The Taylor Swift juggernaut has left Melbourne and is about to be unleashed on Sydney. Swift will hold four stadium concerts in Sydney before flying to Singapore to continue her Eros Tour.
Love or loathe Swift’s music – there’s no denying the woman has an audience. A massive global audience. I should mention I’m not a devotee but at the same time I’m intrigued by Taylor Swift’s enormous appeal.
In Melbourne Swift filled the MCG stadium with 96,000 fans for each of her three concerts. It was the biggest stadium concert she’d played to date.
Mothers and daughters were spotted in matching outfits dancing alongside hardcore Swifties attired in sequinned dresses, glittering cowgirl booties and variations on cowgirl/cowboy kit. According to the news media an excess of glitter, sequins, fringing and handmade friendship bracelets seemed almost mandatory.
Hysteria, weeping and over the top sheer joy was reported widely by journalists, fashionistas and music aficionados. Some commented on the wholesomeness and youth of the Swifties and their entourages. Many underage fans were being chaperoned by their parents.
This is no mean feat given we are bogged down in the ugliness of brutal wars, terrorism, global climate change, escalating financial disasters and economic recessions. Not to mention the grotesque actions of Vladamir Vladimirovich Putin and Donald Trump.
Let’s face it, with all this trauma going down – why wouldn’t young women be keen to frock and devote themselves to the blissful distraction of Swift’s juggernaut?
A brief digression. Trump is known to his detractors as the Toupeed Travesty, the Dumb Corleone and the Petulant Pumpkin. There’s also an excess of crude but witty nicknames in circulation. Trump has earnt them and his nicknames offer a bit of comedic relief.
In the last few months, the Carrot Caligula was indicted on four separate criminal cases and charged on a total of 91 felony cases. It therefore defies belief that Trump is still the front-runner for the 2024 Republican presidential nomination. And that’s keeping a lot of folk awake in the midnight hours.

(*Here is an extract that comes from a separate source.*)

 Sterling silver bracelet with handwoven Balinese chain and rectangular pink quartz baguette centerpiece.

Getting back to Taylor Swift. She’s a veteran in the music business despite being in her early thirties. Namely because as a precocious eleven year old she ditched competitive equestrian riding and dedicated herself entirely to naked ambition. For Swift was utterly determined to become a famous singer.
Her parents willingly moved house and drove Taylor up and down Nashville’s famous Music Row. She offered up CD’s of herself singing popular country-style songs accompanied by Karaoke music.

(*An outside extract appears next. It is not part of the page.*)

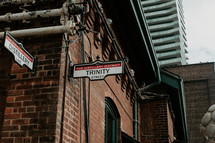 Trinity street sign on brick industrial building in the Distillery District in Toronto, Canada.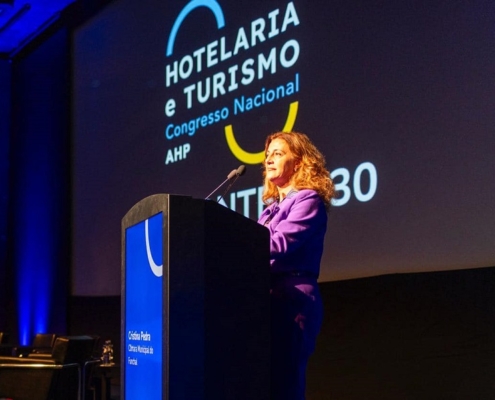 Taxa Turística no Funchal: Cristina Pedra diz que a medida vai “aumentar” a “qualidade” das infraestruturas e serviços municipais Na abertura do 34º Congresso Nacional de Hotelaria e Turismo, que decorre até sexta-feira, no Centro de Congressos da Madeira, a presidente da Câmara Municipal do Funchal, Cristina Pedra, esclareceu que a aplicação da Taxa Turística pelo Município do Funchal, em 2024, tem por objetivo “mitigar” os efeitos sociais e/ou ambientais, causados pelas atividades turísticas na atividade do concelho, garantindo que a mesma deve ser aplicada com” proporcionalidade” e “equilíbrio”. Cristina Pedra sublinha que a “Taxa” não é um imposto, pelo que, existirá uma relação “sinalagmática” entre o valor arrecadado e o fim a que se destina. A autarca acredita que a existência desta medida, a ser repercutida nas infraestruturas públicas municipais e nos serviços prestados pelo município, será um meio do Município do Funchal aumentar a qualidade das infraestruturas e serviços municipais à própria comunidade turística. “Não é justo nem razoável pedir aos munícipes que suportem a totalidade destes custos, pois não são eles exclusivos beneficiários”, realçou. A presidente da CMF lembrou que por todo o mundo, o critério utilizado para cobrança desta taxa são as dormidas. Nesse sentido, é lógico que seja o Funchal a arrecadar a maior fatia da receita, dado que é na capital da Região Autónoma da Madeira que se encontra a maioria dos estabelecimentos hoteleiros. É também no Funchal que existe a maior pressão sobre todas as infraestruturas públicas, desde a rede de água potável ao saneamento básico, das estradas aos equipamentos culturais e de lazer, e é também no Funchal que se encontra a maioria de equipamentos regionais ligados à cultura e a cidade que mais investe em atividades culturais, sendo que o investimento representa já 6 milhões de euros do Orçamento Municipal para 2024. É neste contexto que considera “justo que o turista contribua para compensar os impactos, contribuição essa que não deve prejudicar a competitividade do Turismo”. A autarca recordou que a Lei 73/2013 é clara quando consagra que compete às autoridades locais a afetação, a definição e aplicação da taxa turística. Contudo, considera fundamental existir cooperação entre os privados e o sector publico. Nesse sentido, revelou que o executivo municipal tem vindo a promover reuniões com as entidades privadas e públicas, lembrando que ainda ontem efetuou uma auscultação ao tecido empresarial, através da ACIF, sobre a forma de aplicar a Taxa Turística. “Não menos importante”, frisou Cristina Pedra, “é a fase de consulta pública que a CMF irá promover, o que proporcionará ao cidadão e a qualquer entidade, a possibilidade de contribuir com reflexões e sugestões que serão devidamente ponderadas”. Cristina Pedra finalizou o discurso lançando um desafio face à “preocupação que algumas figuras com responsabilidade turística nacional evidenciaram com a aplicação desta taxa na Madeira, atitude que, embora sendo legítima, não tiveram relativamente a Lisboa, Porto ou outras cidades do país. Desafio, pois, os defensores dessa medida a pedirem ao Governo da República a criação de uma taxa nacional e a dizerem aos municípios, nomeadamente Lisboa e Porto, que vão abdicar das suas receitas em favor do Orçamento de Estado”.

Swift kept her request simple, ‘I’m eleven. I really want a record deal’.
At 13 Swift was signed to RCA in a development deal. A year later she wrote her first song, Lucky You. She was quick to realize that singing the US anthem Star Spangled Banner was a great way to be heard by large audiences.
Fast forward to 2024 and what is known as The Swift Effect is credited with bringing huge profits to the cities hosting her Eras Tour.
She’s also credited with making the American NFL popular with females aged 18-34. This is due to the exposé of her intense relationship with the NFL player Travis Kelce. Venerated as the ‘tight end’ for the Kansas City Chiefs, Kelce will be joining Swift on tour.
According to research instigated by Apex Marketing, Swift’s ‘influence’ and her many public appearances at Chief’s games has significantly lifted NFL female membership.
Unsurprisingly it’s all about the rising brand value of the Kansas City Chiefs and the NFL – which is reported as currently being around $335.1million.
Despite being famous for writing romance breakup songs, Taylor Swift courses have taken off at prestigious universities. Her lyrics and ability to mine her own emotions is being analysed in depth. This has aroused a degree of irritation and indignation amongst some scholars and students.
Meantime, Medieval literature Professor Liam Semler of Sydney University asks the students in his course to compare the Bard’s sonnets with Swift’s 2022 album Midnights. Swift has also been included in academic symposiums on great writers and the literary canon.
A Swiftposium was recently held at The University of Melbourne. The organizers were at pains to point out Taylor Swift had not been expected to attend. The conference accepted 130 accepted submissions from 78 institutions across 60 countries.
A specialist in ancient Greek philosophers at Sydney University has written an academic treatise on Swift’s lyrics. According to the academic, Taylor Swift is on par with the famous philosopher Aristotle born in 384 BC.
But the obvious question remains, as in Swift’s quote above – what will Taylor Swift write about if she finds love and domestic bliss?
photo above: an early photo of Taylor Swift in her country music phase.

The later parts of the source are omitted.